The impact blasted a deep trench in the dirt field, which was littered with smoking wreckage, body parts and personal items from the Tupolev jet, according to photos from the scene. Firefighters put out the flaming wreckage, which officials said was strewn over a 180m area. A large chunk of a wing was visible in footage of the scene, but much of the wreckage appeared to be in small shreds.
Iran has seen numerous crashes in recent years, usually blamed on poor maintenance. Iranian officials often blame US sanctions that prevent it from updating American aircraft bought before the 1979 Islamic revolution and make it difficult to get European spare parts or planes as well.
Iranian airlines and the military have turned increasingly to Russian aircraft, which are not affected by sanctions, but have seen a string of accidents. Two other Tupolev crashes in Iran this decade have killed nearly 140 people.
The Caspian Airlines Tu-154M jet had taken off from Tehran’s Imam Khomeini International Airport yesterday morning and was headed to the Armenian capital Yerevan. It crashed at 11.30am about 16 minutes after take-off near the village of Jannat Abad outside the city of Qazvin, about 120km north-west of Tehran, civil aviation spokesman Reza Jafarzadeh said.
At Yerevan’s airport, Tina Karapetian, 45, said she had been waiting for her sister and the sister’s six and 11-year-old sons, who were due on the flight. “What will I do without them?” she said, weeping, before she collapsed to the floor.
The cause of the crash was not immediately known. Hossein Ayaznia, an aviation police official, said emergency workers were searching for the plane’s data recorders to get evidence of the cause.

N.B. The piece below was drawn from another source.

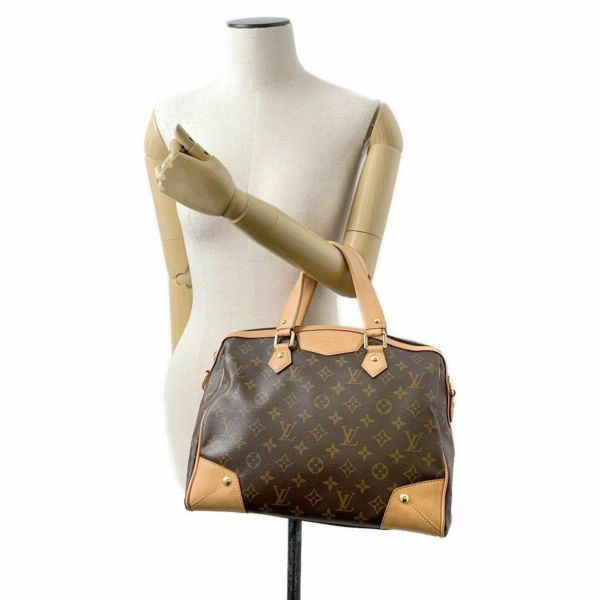 ルイヴィトン ハンドバッグ モノグラム レティーロPM M40325 LOUIS VUITTON 2Wayショルダーバッグ セール品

The deputy chairman of Armenia’s civil aviation authority Arsen Pogosian said there were 153 passengers and 15 crew members on board the plane.

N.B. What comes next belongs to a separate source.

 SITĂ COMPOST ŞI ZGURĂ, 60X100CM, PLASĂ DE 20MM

“In all likelihood, all on board were killed,” Pogosian said.
Most of the passengers were Iranians, many of them from Iran’s large ethnic Armenian community, along with six Armenian citizens and two Georgian citizens, Pogosian said. The two Georgians included a staffer from the Caucasus nation’s embassy in Yerevan, Georgia’s military attache in the Armenian capital said.
Serob Karapetian, the chief of Yerevan Airport’s aviation security service, said the plane may have attempted an emergency landing, but reports that it caught fire in the air were “only one version”. He did not elaborate. A police official told Iran’s semi-official ISNA news agency that several witnesses reported seeing the plane’s tail on fire in the air as it circled to find a place to land.
The plane was completely destroyed in the crash and shattered to pieces, Qazvin emergency services director Hossein Behzadpour said.
“The force of the crash was so serious that pieces of the aircraft were thrown over a 200m area. Unfortunately, all the bodies were totally destroyed,” he said.
President Mahmoud Ahmadinejad issued a statement expressing condolences for the deaths and urging a swift investigation of the cause.